Enrile’s involvement in the multi-billion peso PDAF scam certainly does not have a tinge of an “honorable” act nor does it show “total devotion” to the Senate as an honourable institution, nor was it fair to all members.
Further, Enrile promised: “No partisan consideration will blur or color the treatment of any member of the Senate. We are all senators elected by the people to serve them with dedication to their interest and well-being and devotion to our responsibilities.”
And he enjoined his colleagues “to uphold the independence and integrity of this Senate, without abandoning our duty to cooperate with the other departments of the government to achieve what is good for our people.”
The pork barrel scandal has destroyed the image that Enrile built for himself over the years, from his notoriety in his role as implementor of martial law into a Bible-bearing Christian. His handling of the impeachment trial of former Supreme Court chief justice Renato Corona earned him praises. But the PDAF scam brought it all down.
Jinggoy Estrada, born as José Pimentel Ejército, Jr., may not have earned a degree in law but his official resume said that he earned an AB Economics degree from UP Manila and took up law for four years at the Lyceum of the Philippines while serving as vice mayor of San Juan.
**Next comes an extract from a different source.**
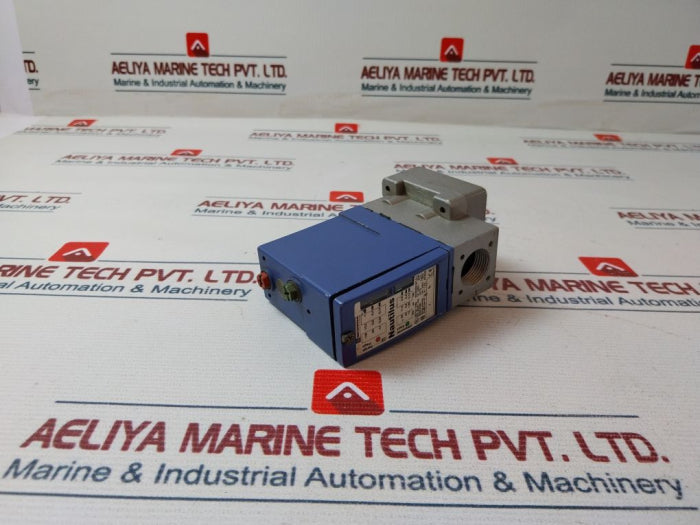 Schneider Electric Xml Bm02V2S11 Pressure Switch 13-80 Kpa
The Laguna State Polytechnic University gave him a doctorate in humanities “in recognition of his academic excellence and socio-civic achievements as public servant.”
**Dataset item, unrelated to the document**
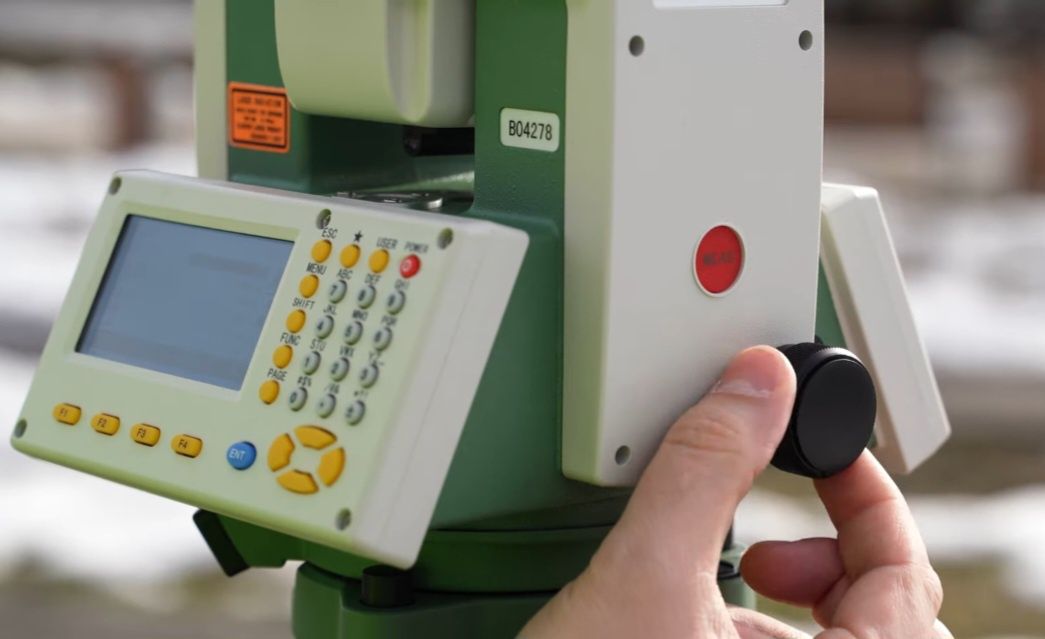 Продам тахеометр leica-FOIF RTS332 2"r1000m USB меню от leicaTS06 новы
His resume in the Senate website said Estrada “is very much focused in keeping his commitment to the Filipino masa to do his very best as a legislator and as a public servant in securing a future far better than what we are all made to contend with, today.”
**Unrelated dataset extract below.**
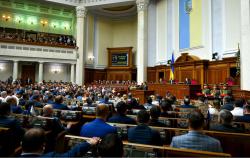 Владимир Зеленский призвал народных депутатов начать принимать реформаторские законопроекты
Ramon “Bong” Revilla Jr., born as José Marie Mortel Bautista, was described in his official resume as “an icon of a man of action and defender of the poor and the oppressed.”
In 1979, he finished his elementary education at Jesus Good Shepherd School in Palico II, Imus, Cavite. He finished his secondary education at Fairfax High School (Los Angeles) at Los Angeles, California, United States in 1982. Because of his performance as public servant, he was conferred doctorate degrees (Honoris Causa) in Public Administration by the Cavite State University and in Humanities by the Nueva Vizcaya University.
All three certainly have good academic backgrounds and decent pledges as senators. But what have they done to their oaths of office? They certainly know the laws but conveniently disregarded those probably because they thought they would not be caught.
When they entered public office, they should have been aware of the provisions of Republic Act No. 6713, or the Code of Conduct and Ethical Standards for Government Officials and Employees, and RA 3019, or the Anti-Graft and Corrupt Practices Act.
The accusations against the three senators are not simple cases of misbehaviour. Plunder as defined and penalized under RA 7080, as enacted in 1991, is a serious crime that cannot just be forgiven and forgotten. Violators deserve to rot in jail for depriving the public of the opportunities and services that should have been funded by the monies that enriched them.
They surely have yet to be found guilty or not. But their actions and words in responding to the testimonies and pieces of evidence that have so far been brought out against them are not convincing enough to make us believe they were innocent.
Instead of coming out with proof that their hands were clean, all three separately and through PR works tried to muddle the issues by trying to create scenarios and involve other people into the mess.
Considering that many politicians, government officials and employees, as well as private individuals are involved in this labyrinthine plunder of the public coffers, should we just ask them to repent and reform, and then, forgive and forget what they had done?
Lest we forget, the three senators were nurturing dreams to become president of the country.